| Task objective |
Please return, exactly and only, the lines beginning at the top of the entries below and ending with the line containing "Affiche Panneau de"; keep out the pictures.

| Listed records |
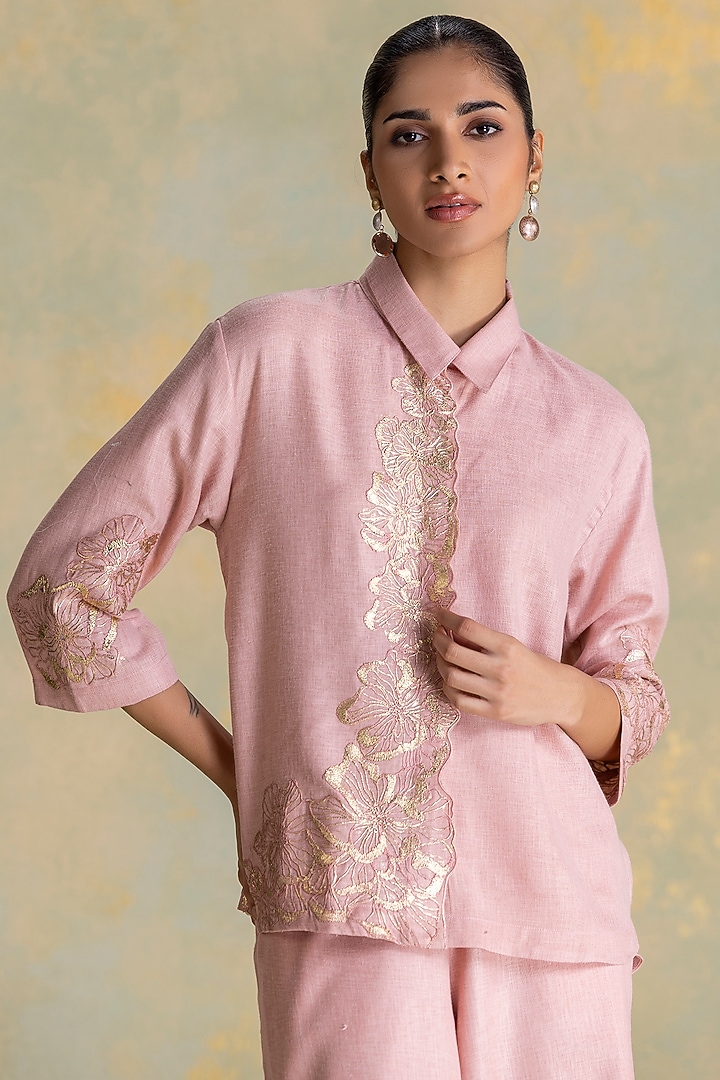 Blush Linen Blend Floral Embroidered Shirt by Kaveri at Pernia's Pop Up Shop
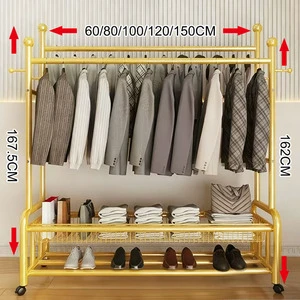 Snow Beauty Modern Iron Coat Rack 4 Hooks 2 Shelves-Space-Saving Foldable Heavy-Duty Hotel Mall Bedroom Storage for Clothes
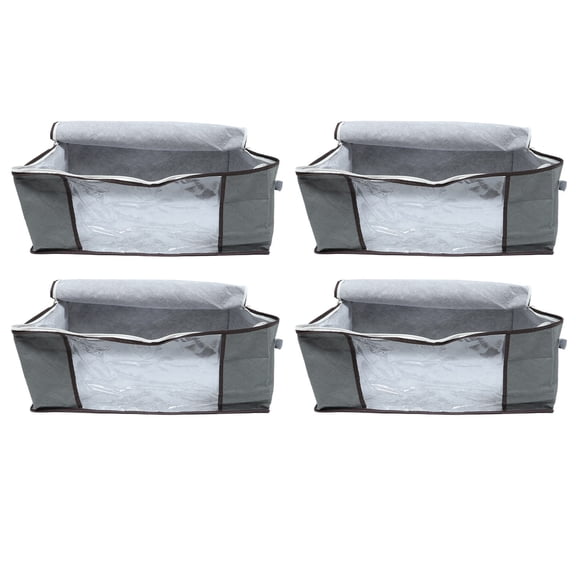 Phenofice 4-Pack Grey Foldable Bedroom Storage Boxes with Zippered Non-Woven Fabric Organizer for Clothing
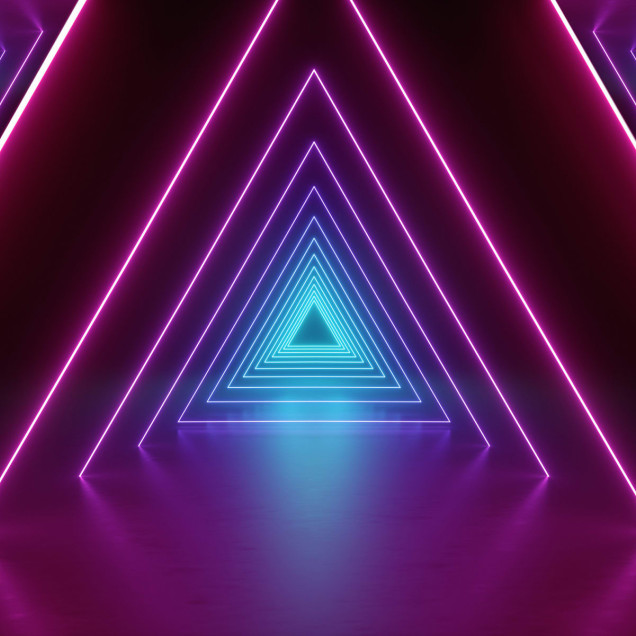 Tapet cu design abstract, triunghiuri cu lumini neon, albastru si roz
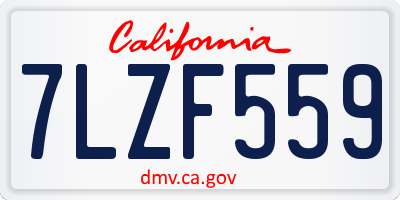 CA license plate 7LZF559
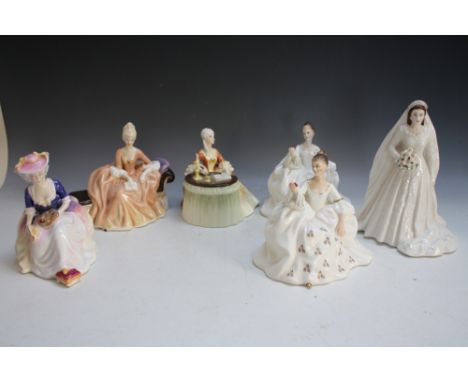FIVE ROYAL DOULTON FIGURES CONSISTING OF KATHLEEN,  Meditation, Reverie and  two 'My Love', together with Royal Worcester Que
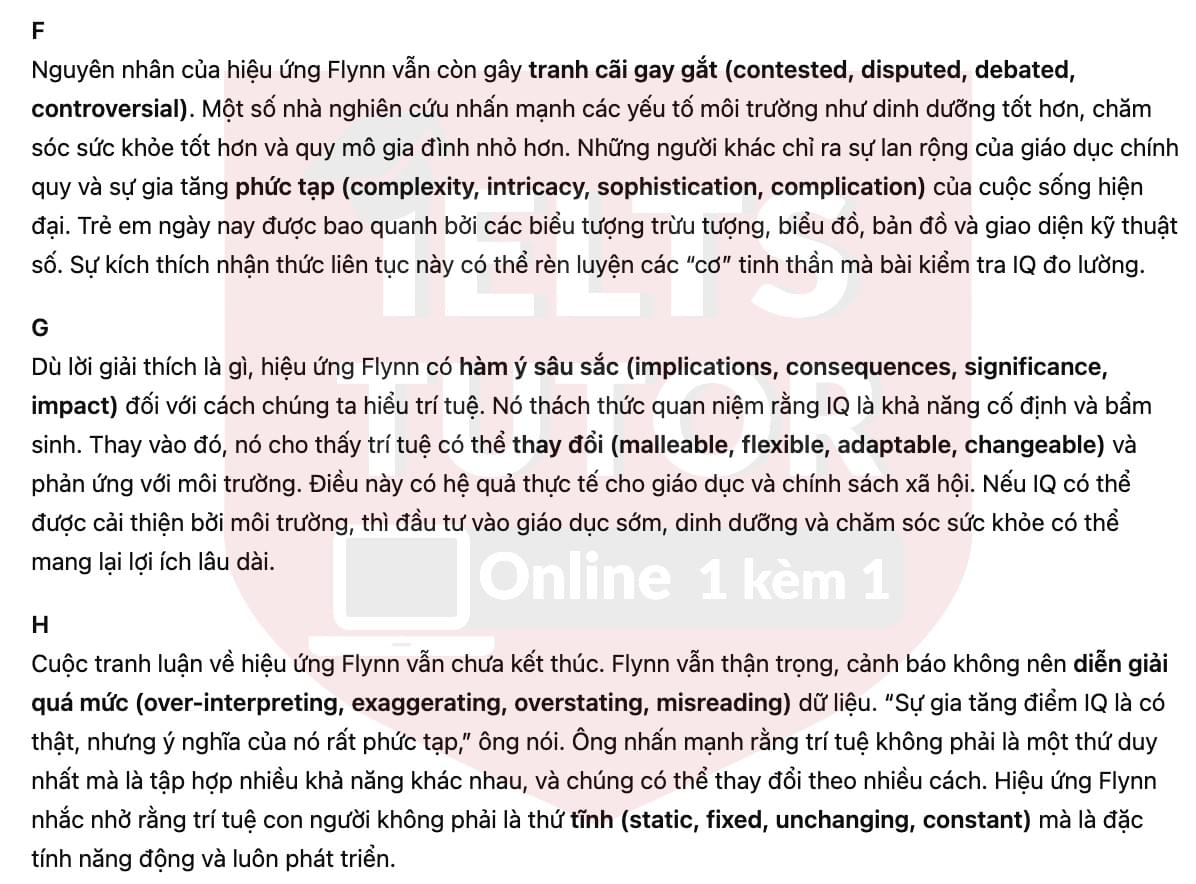 🔥IQ Scores - How they are changing and what the changes mean Answers with location - Đề luyện tập IELTS READING- Làm bài online format computer-based, kèm đáp án, dịch & giải thích từ vựng - cấu trúc ngữ pháp khó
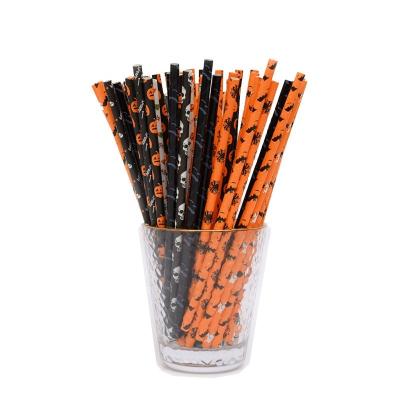 China Disposable Reusable PP Print Drinking Straws Eco - Friendly Pumpkin Spider Bat Printed Hard Plastic Straw Halloween for sale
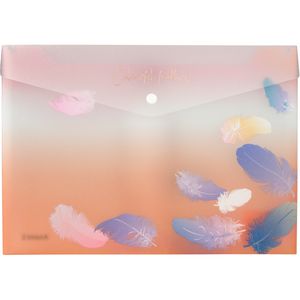 Папка на кнопке А4, Colourful Feather, пластик с блестками, 180 мкм, AXENT 1432 - Фото 3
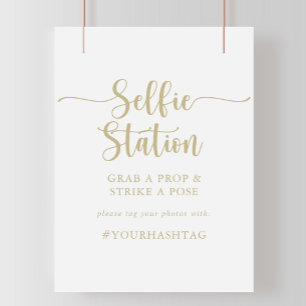 Affiche Panneau de station selfie calligraphie minimaliste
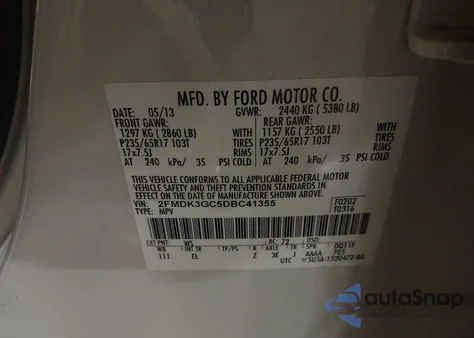 2013 Ford Edge Se z USA, uszkodzony, nr VIN 2FMDK3GC5DBC41355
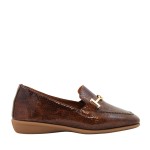 Eleganckie mokasyny damskie lakierowane Aga 02598/4 brązowe
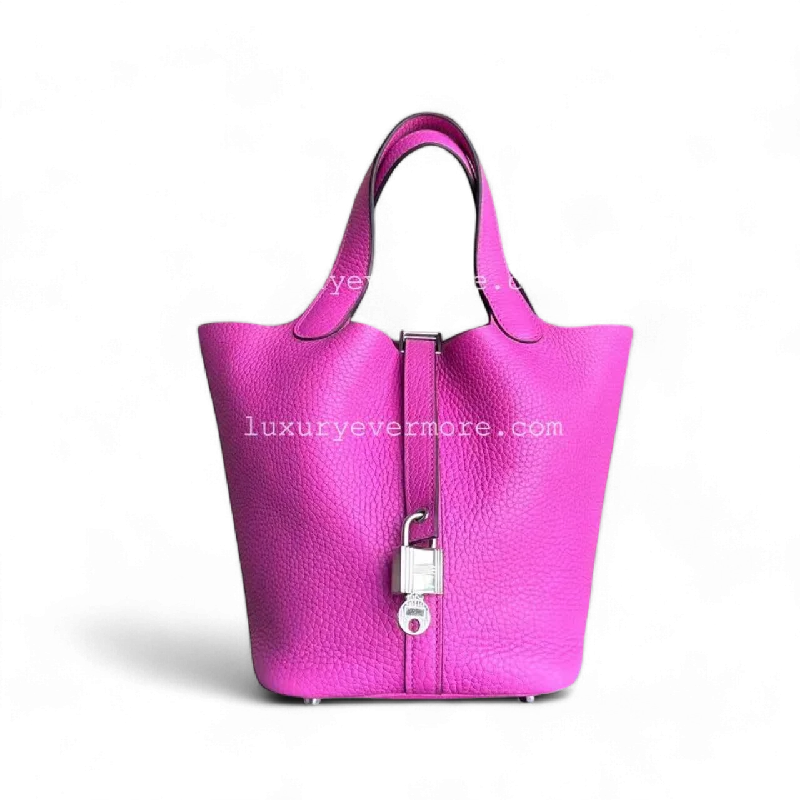 Hermes Picotin 18 Clemence C Stamp Hot Pink Silver Hardware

| Task output |
 Blush Linen Blend Floral Embroidered Shirt by Kaveri at Pernia's Pop Up Shop
 Snow Beauty Modern Iron Coat Rack 4 Hooks 2 Shelves-Space-Saving Foldable Heavy-Duty Hotel Mall Bedroom Storage for Clothes
 Phenofice 4-Pack Grey Foldable Bedroom Storage Boxes with Zippered Non-Woven Fabric Organizer for Clothing
 Tapet cu design abstract, triunghiuri cu lumini neon, albastru si roz
 CA license plate 7LZF559
FIVE ROYAL DOULTON FIGURES CONSISTING OF KATHLEEN,  Meditation, Reverie and  two 'My Love', together with Royal Worcester Que
 🔥IQ Scores - How they are changing and what the changes mean Answers with location - Đề luyện tập IELTS READING- Làm bài online format computer-based, kèm đáp án, dịch & giải thích từ vựng - cấu trúc ngữ pháp khó
 China Disposable Reusable PP Print Drinking Straws Eco - Friendly Pumpkin Spider Bat Printed Hard Plastic Straw Halloween for sale
 Папка на кнопке А4, Colourful Feather, пластик с блестками, 180 мкм, AXENT 1432 - Фото 3
 Affiche Panneau de station selfie calligraphie minimaliste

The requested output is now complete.